Undrained sand-hill areas of Pratt County total 268 square miles in the north and northwest and 11 square miles in the southeast. These areas contain many small basins where precipitation collects and evaporates or seeps into the ground.
The climate of Pratt County is semiarid with moderate but variable precipitation and a high rate of evaporation. It is classified semiarid because the average precipitation is insufficient for the evaotranspiration demand. Although summer days are hot, the heat is relieved somewhat by good air movement. The winters are moderate with occasional severe cold periods of short duration.
The following climatic data were compiled from the 68-year record of the National Weather Service (formerly U.S. Weather Bureau) at the Pratt station. The mean monthly temperature at Pratt is 82° F in July and 34° F in January. Temperature extremes recorded at Pratt were 115° F in 1911 and 1936 and -24° F in 1899. The normal annual precipitation at Pratt is 24.04 inches. More than two-thirds of the precipitation is in the form of brief heavy thunderstorms during the growing season (fig. 3). The distribution of precipitation throughout the year and from year to year is irregular. Maximum precipitation on record was 39.30 inches in 1957; minimum precipitation was 10.96 inches in 1956. The eastern part of the county receives as much as 2 inches more and the western part about 2 inches less than the annual average of 24 inches received at Pratt. Maximum 24-hour precipitation of 6.65 inches was recorded in July 1928.

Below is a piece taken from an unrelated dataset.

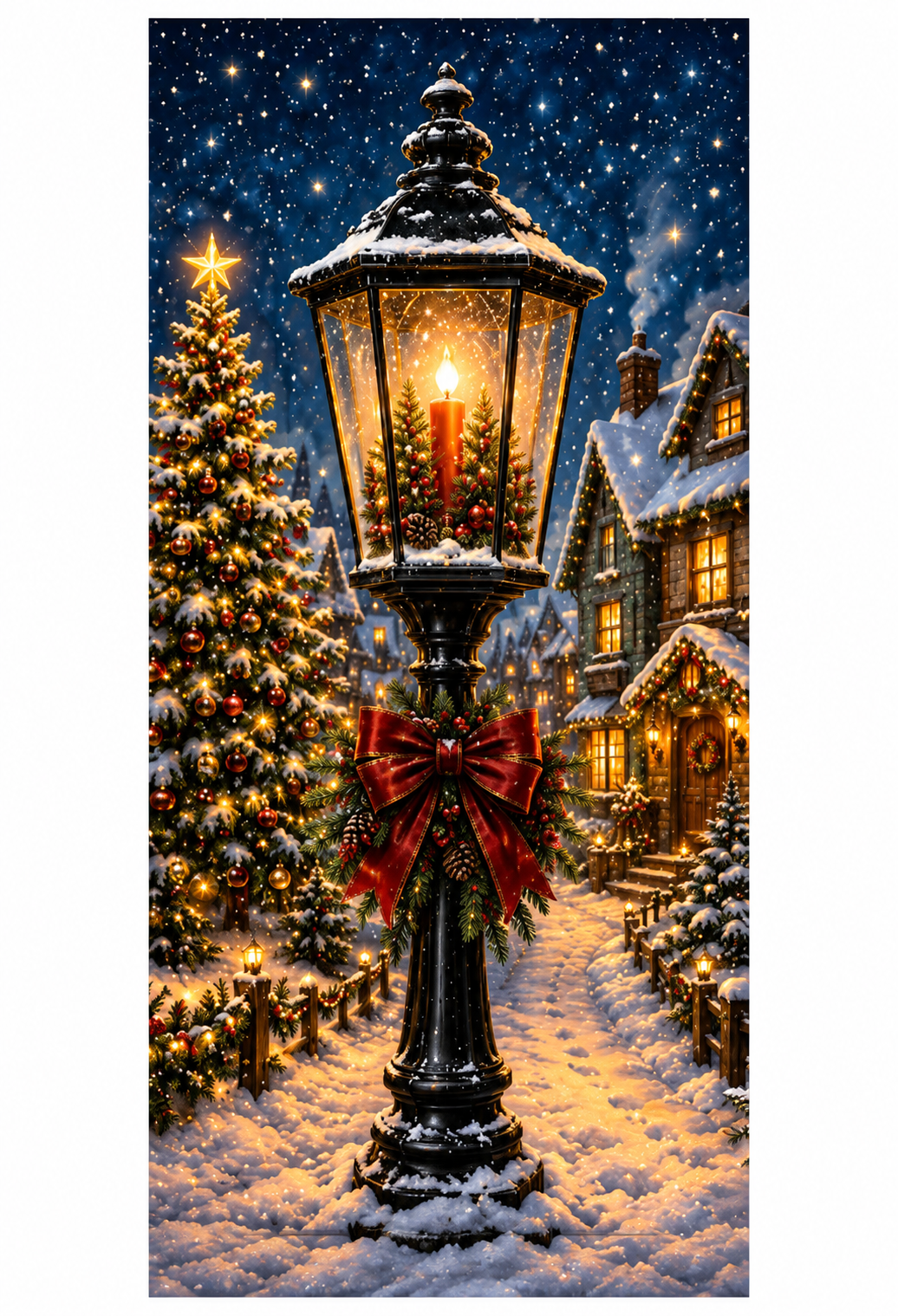 Christmas Village Lantern Door Wrap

Fig. 3--Fluctuations of water levels in selected wells and corresponding annual precipitation at Pratt.
Evaporation is not measured at the Pratt weather station. However, data from stations at Garden City (Finney County) and Kanopolis Dam (Ellsworth County) can be used to approximate evaporation potential in Pratt County. At Garden City, 46 to 92 inches of potential evaporation was measured from April through September of years 1961-65. At Kanopolis Dam the potential evaporation ranged from 50 to 63 inches during the period April through October of years 1961-65. These values far exceed the average annual precipitation and result from the typically hot windy summers. Evaporation continues during the winter but at a much lower rate.

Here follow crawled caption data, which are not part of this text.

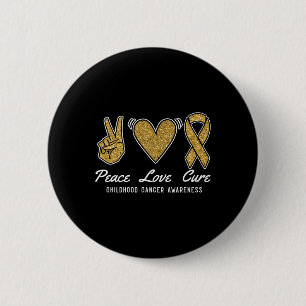 Peace Love Cure Childhood Cancer Awareness Ribbon Button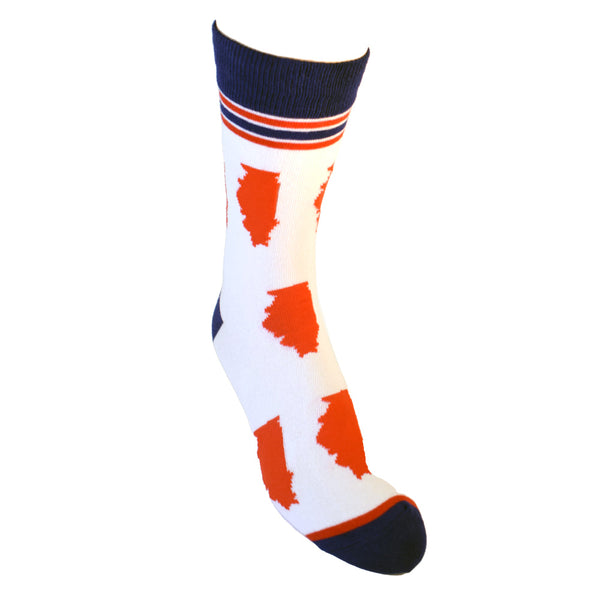 Illinois Shapes in Red White and Blue Men's Socks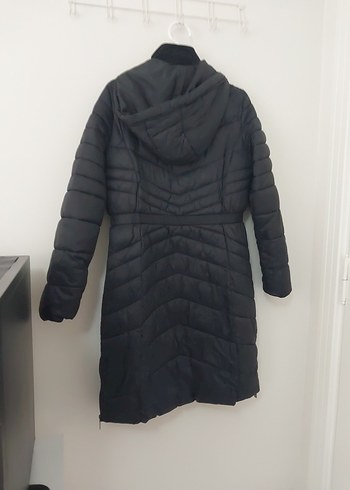 Siyah Uzun Fermuarlı Kadın Kışlık Mont - Görsel 7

In 1970 Pratt County had a population of 10,056, an average of 13.8 inhabitants per square mile [Note: Pratt County population was listed as 9,647 in 2000 U.S. census, with a population per square mile of 13.1 (KU Institute for Policy & Social Research).]. However, more than two-thirds of the county population live in the city of Pratt. When the populations of other communities are added to that of Pratt, more than 75 percent of the people in the county live in towns. The communities and their 1970 populations are: Byers, 46 [50 in 2000]; Coats, 152 [112 in 2000]; Cullison, 117 [98 in 2000]; Iuka, 210 [185 in 2000]; Pratt, 6,736 [6,570 in 2000]; Preston, 239 ; and Sawyer, 164 [124 in 2000] (Kansas State Board of Agriculture, 1971).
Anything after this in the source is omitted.